If householders want the convenience of throwing everything in the same recycling bin, they had better be prepared to pay dearly for the privilege of doing so.
Even then, paper, card and in particular newspapers and magazines, needs to kept completely clean and uncontamined throughout the process. We should at least be able to expect householders to cooperate on this. If not, we really are fighting a losing battle.
The only way we’ll get any improvement in recycling is to spend money. Believing you can do it by bullying councils by attempting to shift the blame on to them, is not only counter-productive, it’s pointless.
We’ve convinced a large element of the public that they have a duty to recycle, in order to save the planet, but the only way government has demonstrated their commitment, is by short term incentives, that then get withdrawn, or swallowed up in the inpeneratrable morass of the annual local government financial settlement.
The government also continues to behave in what can only be described as a cowardly and evasive way when it comes to showing any form of leadership on the major issues.

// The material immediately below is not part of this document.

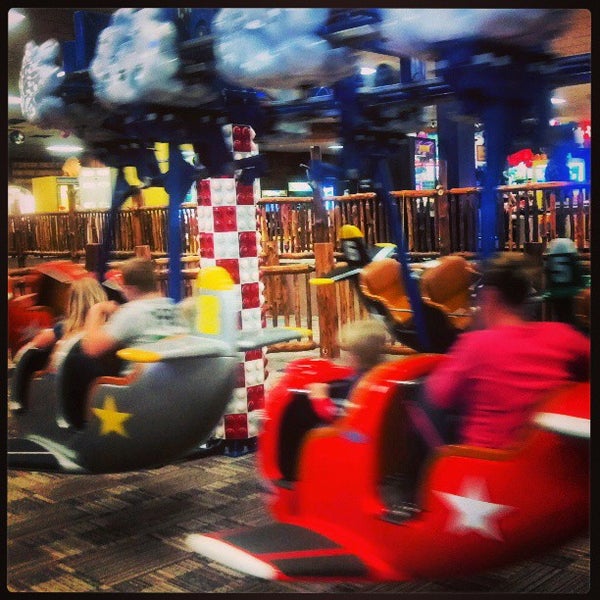 Photo taken at Knuckleheads Trampoline Park • Rides • Bowling by Willand F. on 3/14/2013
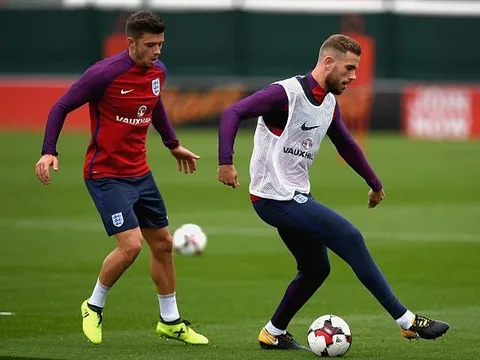 Sao Liverpool đảo chân như Messi trong buổi tập thứ 2 của Tam sư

Too much of the public believe that it is councils that somehow control and determine what does and doesn’t not go into their recycling bins.
Councils have a statutory duty, in law, to collect and dispose of household waste. These days, that household waste get collected in different streams, residual – the non- recyclable stuff and recycling.
In some areas, mainly rural areas, one council collects and another disposes. Large urban areas and cities tend to have unitary councils, that do both. However, the result is the same, once collected and ready for disposal, only the private sector has the infrastructure to process what needs to be disposed of.
Most non-recyclable waste goes into incinerating in the form of energy from waste plants, with less and less going into landfill sites.
Recycling is disposed of, by handing it over to the recycling industry, who have agreed a contract with the council based on what they can and cannot sell on. The volitilty of the recycled materials market, means that most of the contracts are short in length and, if the local authority insists on including materials the recyclers can’t sell, very expensive to the council and therefore their taxpayers.
Why include stuff the companies can’t sell? For exactly the reasons mentioned in the article. The public are already confused and annoyed by the recycling messages received from their councils. Imagine what the response would be if the list of recyclates changed every three or four years?
The Tetrapak issue is a perfect example of this issue. The only company in the country that was recycling these was based in Scotland and stopped operating over 5 years ago. However, because my own council told our residents that they could recycle them when it was all the fashion, we put in place a contract that requires these to be accepted as part of the mix.
If a company takes on a contract and accepts an item as recyclable that then becomes unsellable, that’s their financial loss.
If a council puts in an unsellable item, its the taxpayer that pays for this to be taken out. If the householder puts it in, despite being asked not to, its contamination and can see a complete freighter load written off and sent for burning, or to landfill.
The government’s threat to pass on the EU £500,000 a day fine for missing the 50% recycling target, to councils, will probably be retained in some form even post Brexit. The recycling target will be transposed into UK legislation and no doubt so will the threat of the fine.
if this does happen, I suspect we are going to see councils become far more bullish about recycling post Brexit and start pushing back on some of the highminded ideology that has been driving the whole agenda for far too long.